The Gateway of the old Castle, used as a recusant prison in Chester. |
The repeated commands of the central Government to the Mayors of Chester, to make a complete and accurate return of all Popish priests and Jesuits were built on solid fact, for Chester was an important mission of the Society of Jesus during these years. Together with Hooton, Poole and Dutton Lodge, it formed part of the "Lancashire District" or "College of St. Aloysius". This was an arrangement made in 1622 by Father Richard Blount, the first Jesuit Provincial in England. Father Blount divided his Province into twelve districts or "Colleges", each with its own Superior and missionary priests. In this way, about one hundred and ten Jesuits were deployed all over England, twelve of them being in the Lancashire District. Such funds as they possessed were apportioned among them, and accounts had to be submitted to the Provincial once a year. Though the name "College" was purely fictitious in England, this organisation of the Society lasted for the next two hundred years.

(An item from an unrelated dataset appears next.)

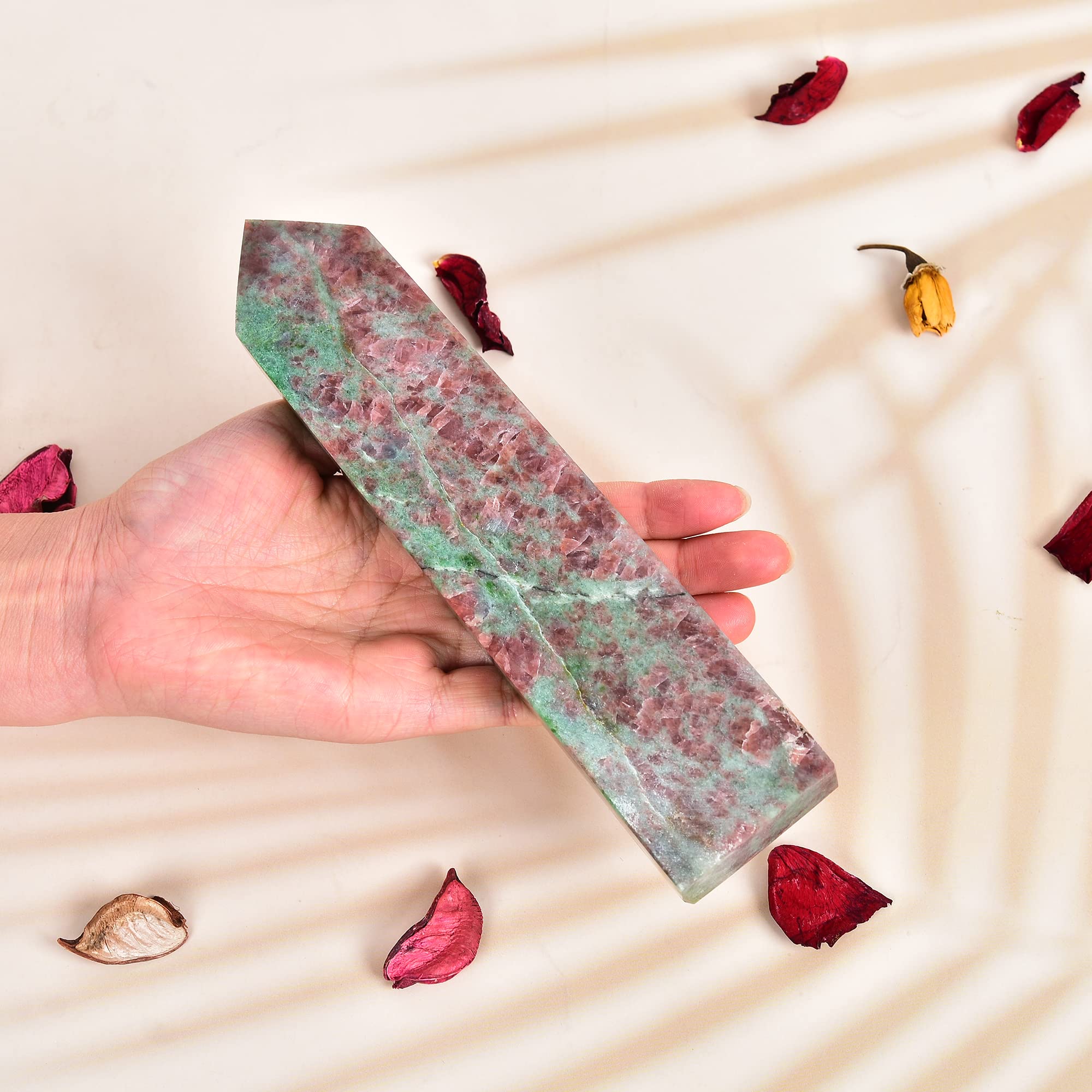 JIC Gem quartz fraise rouge et vert obelisque, décor naturel idéal pour votre espace spirituel.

Father Blount also wrote a set of instructions for his priests, called "The Mode of Living of the Missionary Fathers", which enables us to picture the kind of life they had to lead in such dangerous times. Some had to live a solitary life during the day, keeping to the upper storeys and attics of the houses where they sheltered, taking great precautions not to be seen, especially by the servants of the house who might be tempted to betray them. They emerged only at night to perform their apostolic ministry. Others again were constantly on the move, travelling in different localities either on foot or on horseback, and staying in one place only long enough to let Catholics know there was a priest available. By frequently changing their name, their dress and the direction in which they were travelling, they sought to escape detection and constant danger. The Superiors of the Lancashire District usually remained in the same place, at Scarisbrick, so that other members of the District could make constant contact with them. They had a house and a Catholic servant to look after their needs, but their life was extremely difficult because they had few means of support, apart from the generosity of the recusants.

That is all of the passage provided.